With the impressive rally off the lows the S&P 500 has now managed to make an important break back above its long-term (12-month) moving average. If you’ve been reading my ongoing updates for the better part of this year, you’ll know that this was the third warning sign I was watching for to help gauge the likelihood of a market peak and onset of a major bear market.
As shown in the red circled regions below (click image to enlarge), the S&P 500 failed to break back above its long-term moving average in 2000 and then again in 2008 in confirmation that we had seen a major peak and were now heading into a protracted decline.
The other two warnings signs indicated in the chart above still remain in place. That is, a divergence between the S&P and its relative strength index (RSI) and a major MACD sell signal that occurred in June of this year prior to the August correction.
Given the above and the current price action of the market, there are a number of possible outcomes—let’s break them up into a bullish and bearish case.
The Bear Case
The technical divergences and MACD sell signal remain in place, dragging the S&P 500 back below its long-term moving average in confirmation that we are in the beginning stages of a bear market.

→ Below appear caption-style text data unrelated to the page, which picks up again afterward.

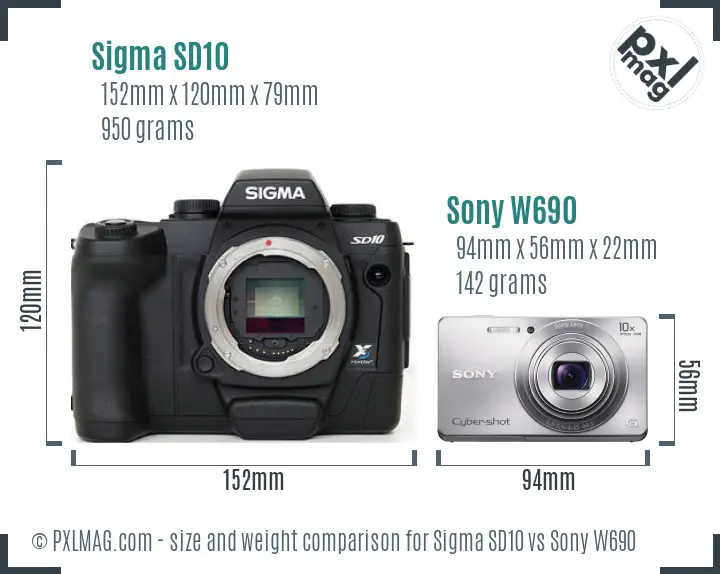 Sigma SD10 vs Sony W690 size comparison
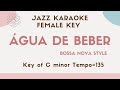 Água de Beber - The higher female key - Bossa Nova Jazz Sing along instrumental KARAOKE BGM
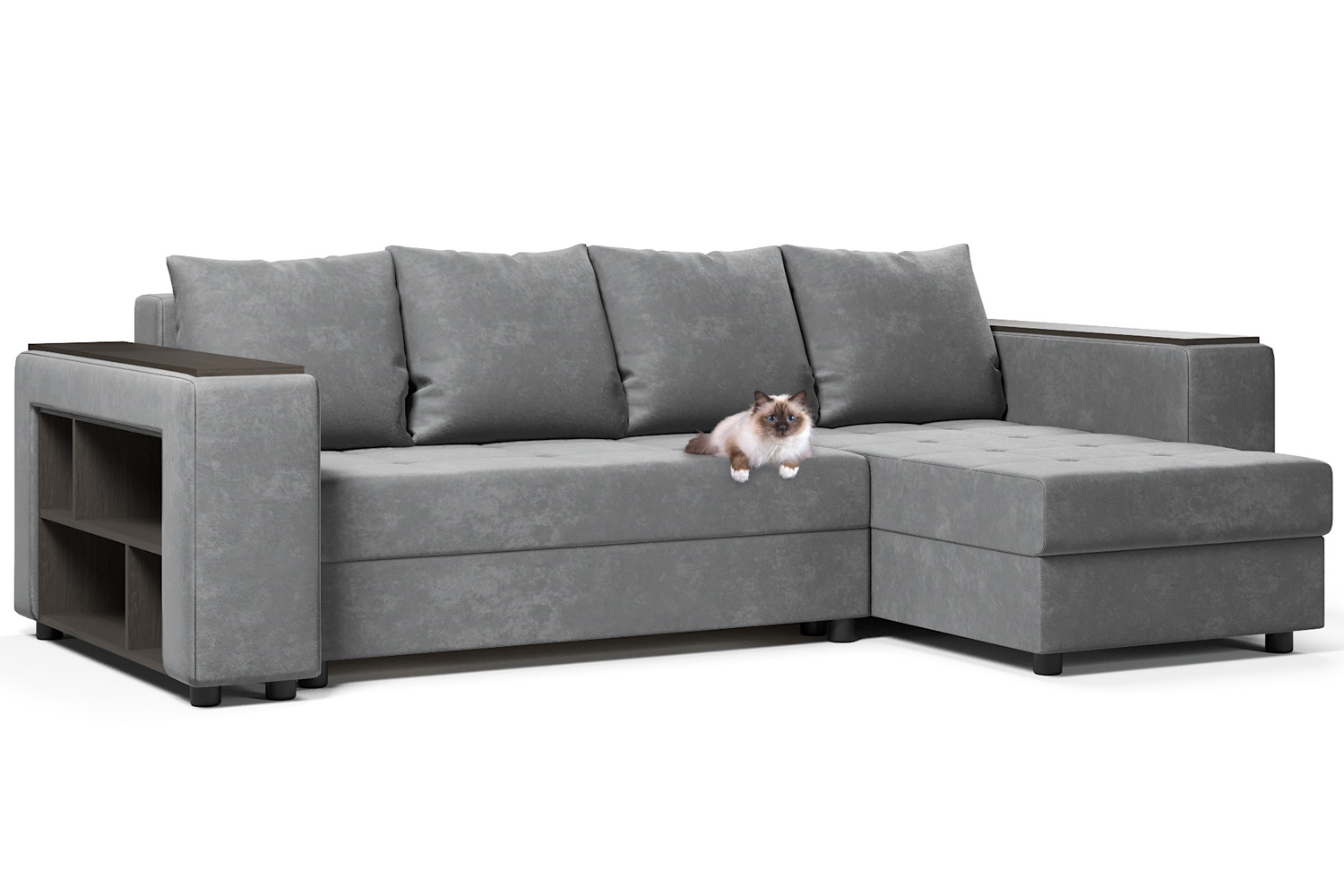 Диван-кровать угловой с полками "Дубай" серый велюр Кабрио 31, угол ...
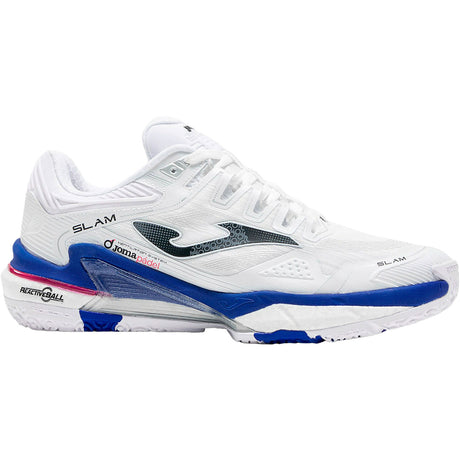 Joma Slam Men 2026 in wit met blauw, zijaanzicht buitenkant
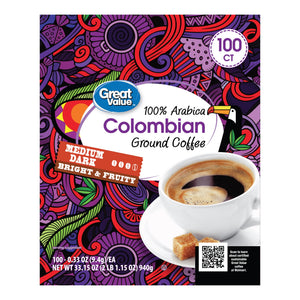Great Value 100% Arabica Colombian Medium Dark Roast Ground Coffee Pods, 33.1 oz — coffee and drinks product, view 6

This case has been made recently by many on our show. See the following interviews/articles for reference:
- Eric Hadik Sees Major Turn in Gold, 2016 Market Crash
- Technician Tom McClellan: Bear Market Trend Should Last Until Next April
- Robin Griffiths Sees Developing Bear Market and Long-Term Shift to Asia
- Michael Lewitt: Beginning Stages of a Bear Market; Talk of Negative Interest Rates Point to Increasingly Desperate Situation
- Louise Yamada: Major Sell Signals on All Indices
The Bull Case
On the flip-side, there are those who contend that we are merely witnessing a correction in an ongoing bull market—though with the potential to head lower still—and higher highs ultimately ahead of us.
Given how negative sentiment is toward the stock market, especially after the August correction, it is not surprising that this view has been harder to find. That being said, there have been some notable names on our show that make this contention: Dan Wantrobski (see here), Ralph Acampora (see here), and Martin Armstrong (see here).
Whether you agree with his points or not, Lee Cooperman at Omega Advisors also gave his 7 reasons for market upside:
1. This would be the first market peak that occurred without one Fed tightening. He says on average, the market went up for 2.5 years after the first rate hike.
2. Bear markets come due to recession, overvaluation, hostile Fed, or a geopolitical event. Those don't really seem to be present, with the caveat of the last one.
3. Markets usually peak during euphoria and he doesn't see any signs of that.
4. The stock market has already corrected recently.
5. What's the alternative to stocks... bonds yielding 2% or cash earning zero?
6. There's enormous substitution taking place of debt for equity. Corporations are announcing big buybacks and that supports the market.
7. Valuation is reasonable
So, as usual, the experts are divided. What’s an investor to do? Along these lines, Chris Puplava, Chief Investment Officer for PFS Group, noted last month:
Financial market volatility will likely persist heading into October until seasonal forces help bring about a possible year-end rally. If this scenario plays out, it will be important to see whether US and global economic growth improves, both alleviating market fears and leading to a resumption of the bull market. If the opposite is true and we see risk measures deteriorate further, preservation of capital will be much more important as the likelihood of a structural bear market increases.
One of the key areas to monitor going forward will be the credit markets. Higher stock prices should be confirmed by an improvement in the credit space, as RenMac's Senior Technical Analyst noted on our show last week (see here).
The Bloomberg Financial Conditions Index (which combines yield spreads from US money markets, equity markets, and bond markets) is one of many useful indicators to track the health of the credit markets. As you can see below, it diverged from the S&P 500 starting in 2014 and went negative along with the market in late August. It has since moved back to positive territory and is not showing the same level of deterioration that marked the 2007 top.